**YOUR OBJECTIVE:**
Only the lines below from the one that holds "of Me 11462NEW-PLAIN" through the one that holds "Prince Edward County" should appear in the answer, copied exactly, end lines included and pictures omitted.
--- GIVEN ENTRIES Enclosed Below ---
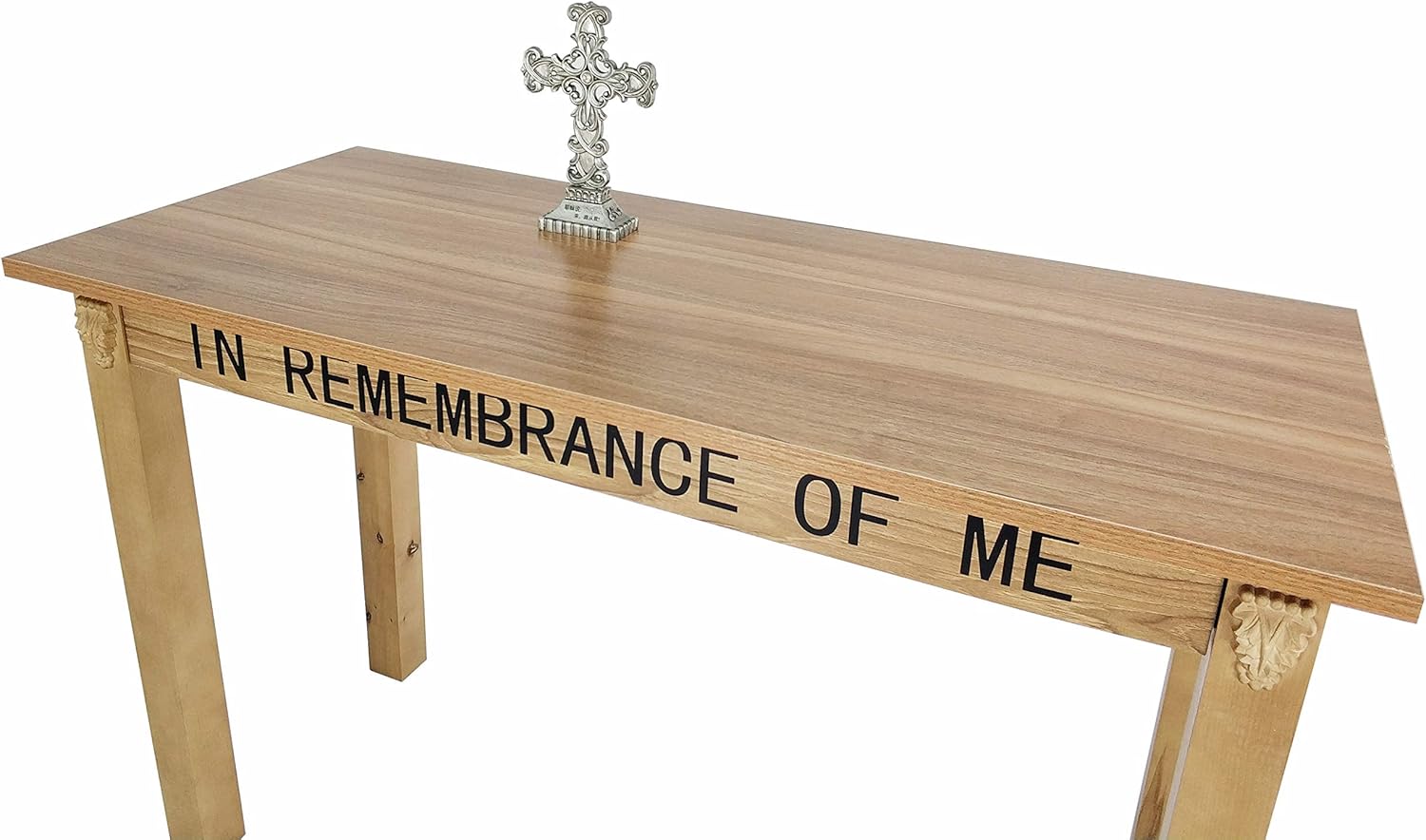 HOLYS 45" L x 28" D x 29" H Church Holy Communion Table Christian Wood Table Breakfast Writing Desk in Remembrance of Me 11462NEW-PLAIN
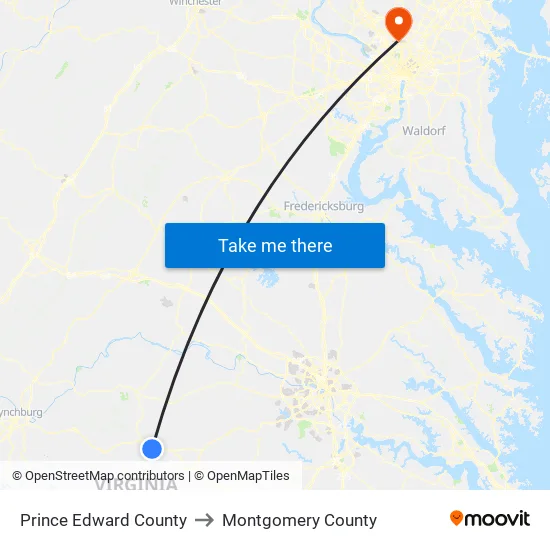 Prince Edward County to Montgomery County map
--- End of Enclosed GIVEN ENTRIES ---
--- GIVEN ENTRIES Enclosed Below ---
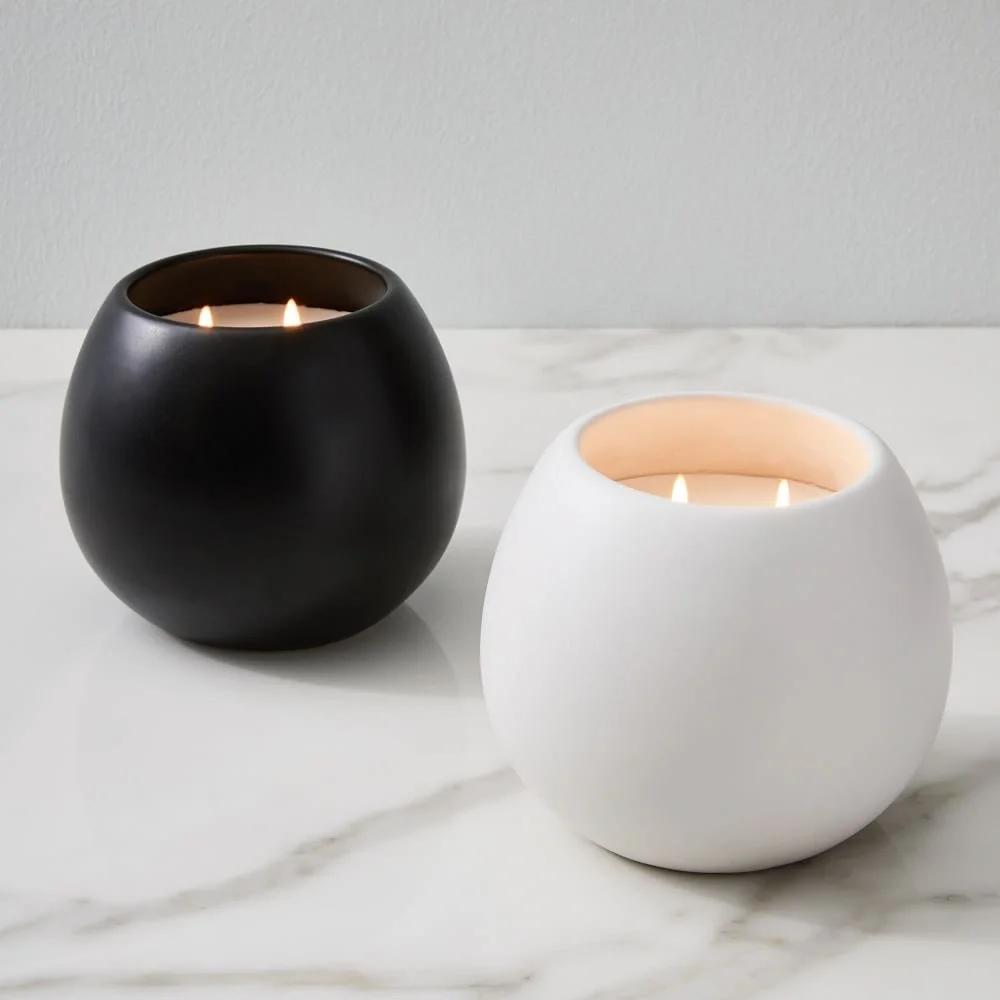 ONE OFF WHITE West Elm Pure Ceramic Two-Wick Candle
--- End of Enclosed GIVEN ENTRIES ---
--- GIVEN ENTRIES Enclosed Below ---
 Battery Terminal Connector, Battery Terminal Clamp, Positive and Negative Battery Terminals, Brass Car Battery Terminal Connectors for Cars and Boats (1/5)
--- End of Enclosed GIVEN ENTRIES ---
**SOLUTION:**
 HOLYS 45" L x 28" D x 29" H Church Holy Communion Table Christian Wood Table Breakfast Writing Desk in Remembrance of Me 11462NEW-PLAIN
 Prince Edward County to Montgomery County map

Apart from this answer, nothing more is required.